断裂的坟头歪在角落,土色发黑,一缕若有若无的黑气从破口缓缓渗出,常人只觉刺骨寒意,谢长安一靠近,识海里的玉牒便微微颤动。
【检测到滯留残魂】
陈远志站在坟前,眉头紧锁:“无主孤坟,困了至少几十年。
下葬没引魂,死后没香火,成了地缚灵,再困下去,早晚会变成害人的凶煞。”
他点燃香,焚了符,桃木剑一指,低沉的诵经声在空地里响起。道门清音肃杀,阴气微微收缩,却不散去。
魂被困住了。
谢长安按照吩咐,静静站在坟前,一动不动。
他没有出手,没有念咒,没有画符。
阴司录虽然没有完全修炼成功,但他也能放开一丝微弱的阴差气息。
下一秒,破口处的黑气缓缓涌动,一道佝僂的模糊身影慢慢浮现出来。
衣衫破旧,面容模糊,一双空洞的眼睛茫然地望向谢长安,没有怨,没有恨,只有无尽的茫然。

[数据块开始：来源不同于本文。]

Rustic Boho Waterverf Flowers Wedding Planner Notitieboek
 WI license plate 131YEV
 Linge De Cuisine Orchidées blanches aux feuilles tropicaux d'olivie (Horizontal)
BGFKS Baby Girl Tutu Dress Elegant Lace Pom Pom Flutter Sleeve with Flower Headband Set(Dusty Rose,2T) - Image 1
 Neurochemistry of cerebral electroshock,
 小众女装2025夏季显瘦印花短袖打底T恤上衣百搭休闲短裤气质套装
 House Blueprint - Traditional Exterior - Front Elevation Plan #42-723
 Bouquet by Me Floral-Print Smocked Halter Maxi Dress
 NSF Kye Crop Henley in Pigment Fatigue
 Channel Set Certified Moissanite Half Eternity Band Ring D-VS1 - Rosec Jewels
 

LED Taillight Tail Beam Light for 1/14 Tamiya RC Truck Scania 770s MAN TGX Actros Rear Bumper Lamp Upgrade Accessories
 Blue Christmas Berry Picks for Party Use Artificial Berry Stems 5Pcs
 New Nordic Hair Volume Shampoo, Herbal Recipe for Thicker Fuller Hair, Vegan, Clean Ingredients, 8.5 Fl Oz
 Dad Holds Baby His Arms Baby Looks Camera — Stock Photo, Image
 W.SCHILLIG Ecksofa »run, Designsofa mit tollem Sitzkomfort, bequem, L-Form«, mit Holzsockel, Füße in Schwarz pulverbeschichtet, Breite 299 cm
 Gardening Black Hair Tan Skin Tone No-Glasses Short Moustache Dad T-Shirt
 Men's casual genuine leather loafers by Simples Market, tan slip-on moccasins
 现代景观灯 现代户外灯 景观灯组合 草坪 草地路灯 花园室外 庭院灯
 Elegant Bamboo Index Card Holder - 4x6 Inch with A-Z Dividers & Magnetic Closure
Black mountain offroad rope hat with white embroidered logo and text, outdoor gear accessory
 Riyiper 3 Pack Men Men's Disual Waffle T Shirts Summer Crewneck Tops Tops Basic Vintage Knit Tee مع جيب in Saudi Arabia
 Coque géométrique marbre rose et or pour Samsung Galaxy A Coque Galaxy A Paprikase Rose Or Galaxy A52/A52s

它在害怕道门的阳气,却又被谢长安身上的气息牵引,不由自主地靠近。
那是来自阴司的接引。
是它盼了几十年的光。
陈远志诵经声一顿,压低声音:“稳住!別让它散了!”
谢长安微微点头,依旧一言不发。
他在识海里,轻轻落下一道指令。
【引渡】
土地庙方向,一道微不可察的阴光隔空而来,轻轻落在那道身影上。
残魂深深弯下腰,像是在叩谢,隨后化作一缕轻烟,隨阴光进入玉牒之中。
黑气散尽,天光微明。
冷风一吹,坟地恢復了平静。
陈远志收起桃木剑,一脸错愕:“这就送走了?”
“它只是想回家。”谢长安淡淡开口。
话音落下,识海里一声轻响,清晰无比。
【滯留残魂引渡成功】
【晋级功德 3】
【流通功德 2】
【当前晋级功德:9/100】
【当前流通功德:19】
不多,却扎实。
不快,却稳妥。
这是他一步一步,踩出来的路。
回程的路上,陈远志忽然开口:“你知道为什么阴差管不了这种事吗?”
谢长安摇头。
“他们看不见。”
陈远志声音低沉,“他们只能等魂闹出来,等出了人命,等上面下任务。你不一样,你能在出事前,就找到了它。”
他侧过头,看了谢长安一眼:“你身上,有老谢的影子。”
谢长安脚步一顿。
老谢。
他的爷爷。
“我爷爷……当年也做这个?”
“他比我厉害。”
陈远志淡淡一笑,语气复杂,“他能找到魂,能镇住鬼,还能把那些东西安安分分送走。別人问他,他只说,祖传的手艺。”
谢长安握紧了拳。
祖传的手艺。
祖传的。
他好像忽然明白了,那本《阴司录》、那几枚古钱意味什么了!
回到丧葬铺,谢长安把门反锁,拉上窗帘。
他掏出腰间的玉牒,指尖轻轻摩挲。
【晋级功德:9/100】
【阴气敏感点剩余:2】
【回魂夜倒计时:6日】
还有两处。
老井,旧庙。
是玉牒標出的三点,他独有的探测,是他一步一步能走到的二级阶梯。
他抬头望向窗外渐渐沉下的夕阳。
夜幕很快会再次降临。
阴路会再次打开。
而那个姓刘的阴差,还在暗处等著看他笑话。
谢长安嘴角微扬,露出一抹极淡、极冷的弧度。
夜色渐浓,子时將近。
他握紧玉牒,闭上双眼。
下一刻,魂魄轻烟般离体,再次踏入那片无边无际的阴冷浓雾之中。
雾的尽头,土地庙的绿火,幽幽亮起。